Fourth, how the DPP can justify proceeding, when their mission statement is clear that no case will be prosecuted unless there is a reasonable chance of conviction.

But at first glance there seems no avenue for fighting the whole case, so I would have to begin by fighting the DCSI’s decision. This fight would mean questioning why the screening unit looks upon nolle prosequi so negatively. But here I must say that my researches have uncovered something which I may have written about before, forgive me. That is, that there are three possible way in which the prosecution could be unsuccessful, not two, as I’d previously thought.  They are: a finding of not guilty (i.e. acquittal), which would entail an expensive full trial, which was never going to happen; a dismissal before arraignment, in which the DPP recognises it doesn’t have a case; and a nolle prosequi dismissal after arraignment, because the DPP has somehow convinced the magistrate that the defendant has a case to answer. It is because the case was sent to a higher court at arraignment (or did the arraignment actually take place in the higher court? I’m not sure) that I’m in the position I’m now in, without a police clearance, and in danger of never being able to teach again, even in a voluntary capacity, at least not in a community centre, where these more stringent police clearances are now mandatory.

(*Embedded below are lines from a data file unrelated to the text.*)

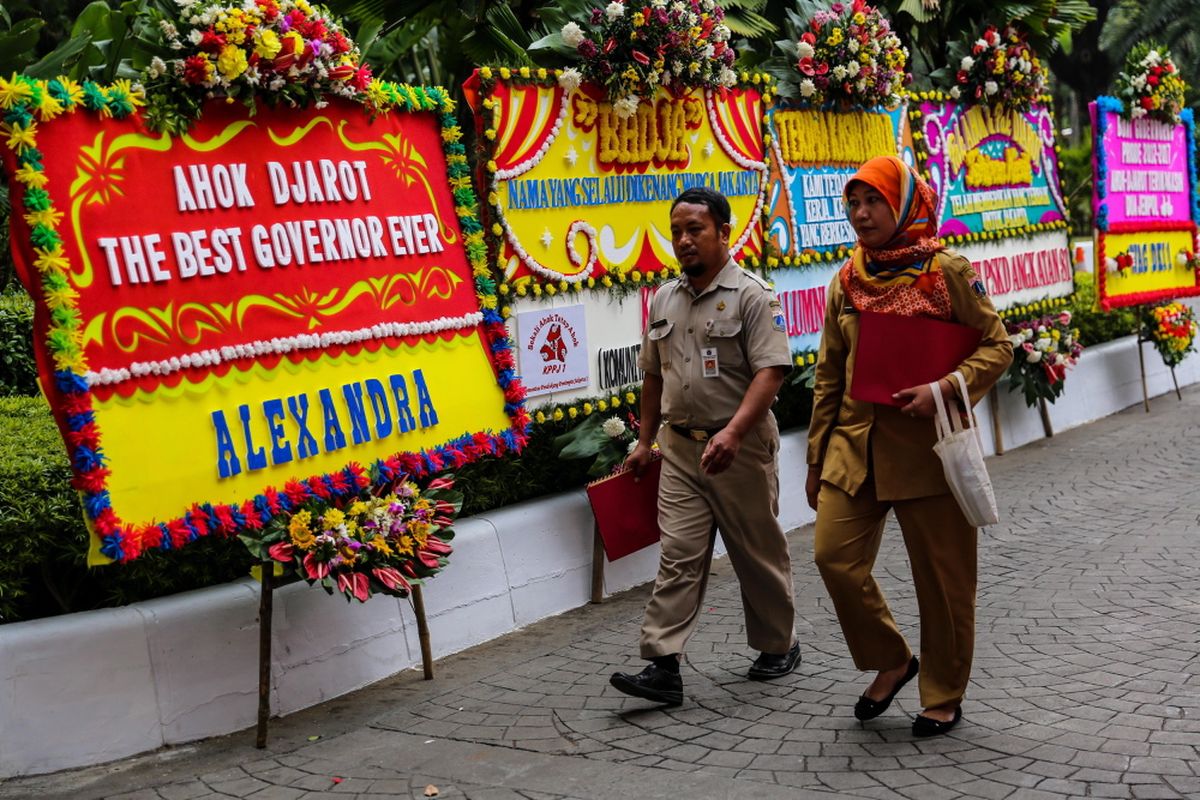 Warga melintas di antara karangan bunga yang ditujukan untuk Basuki Tjahaja Purnama atau Ahok dan Djarot Saiful Hidayat di kompleks Balai Kota DKI Jakarta, Senin (9/10/2017). Karangan bunga tersebut berisi ucapan terima kasih dari warga atas kepemimpinan Basuki dan Djarot selama berpasangan menjadi gubernur dan wakil gubernur DKI Jakarta.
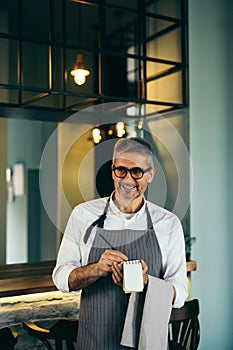 Waiter taking order from customers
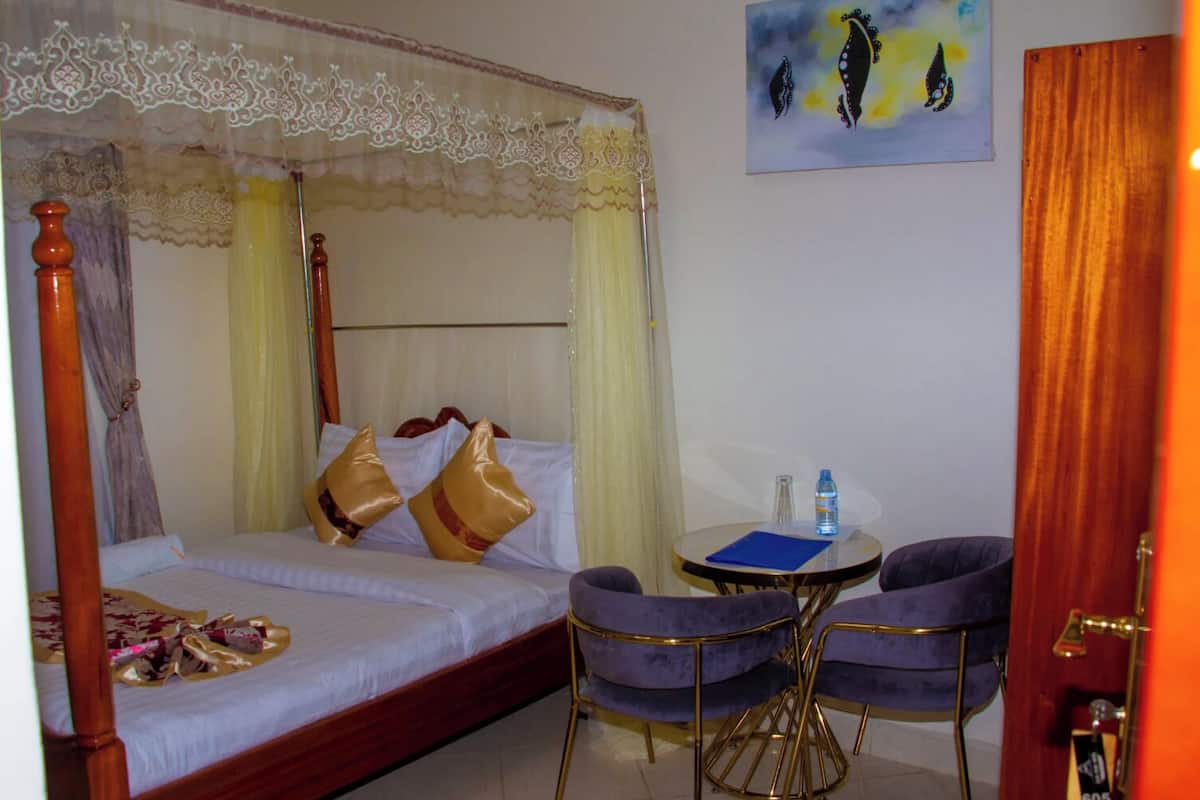 A hotel room with a four-poster bed, two chairs, a small table, and a painting on the wall.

In any case, it’s time now to act, I can’t keep waiting, stuck like a rabbit in the headlights. I’ve been too passive in this case. I need to take it to the Supreme Court, if possible – regardless of the eventual decision of DCSI.

https://ussromantics.com/2017/11/11/the-battle-for-justice-part-1-some-background-to-the-case/

https://ussromantics.com/2017/11/13/the-battle-for-justice-part-2-the-problem-with-nolle-prosequi/

https://ussromantics.com/2017/11/14/the-battle-for-justice-part-3-is-there-any-way-to-clear-your-name/

https://ussromantics.com/2017/11/21/the-battle-for-justice-an-update-the-problem-with-documents/

https://ussromantics.com/2018/01/20/police-procedures-the-dpp-and-subtle-corruption/

 

Trump downfall update. The latest indictments of Russians obviously undercuts Trump’s claims about the ‘Russian hoax’ as well as the ‘tattered FBI’ and might have an affect on the Trumpets. They should have an undermining effect on the Congress Trumpets in particular – Nunes, Collins, Cotton and co. If, after this, the GOP Congress continues to deny or do nothing about Russian conspiracy to influence elections, including the coming mid-terms, isn’t this obstruction of some sort? Or some sort of passive collusion? It certainly is an outrage. Pressure should next be brought to bear on sanctions, and that would mean more pressure on Trump.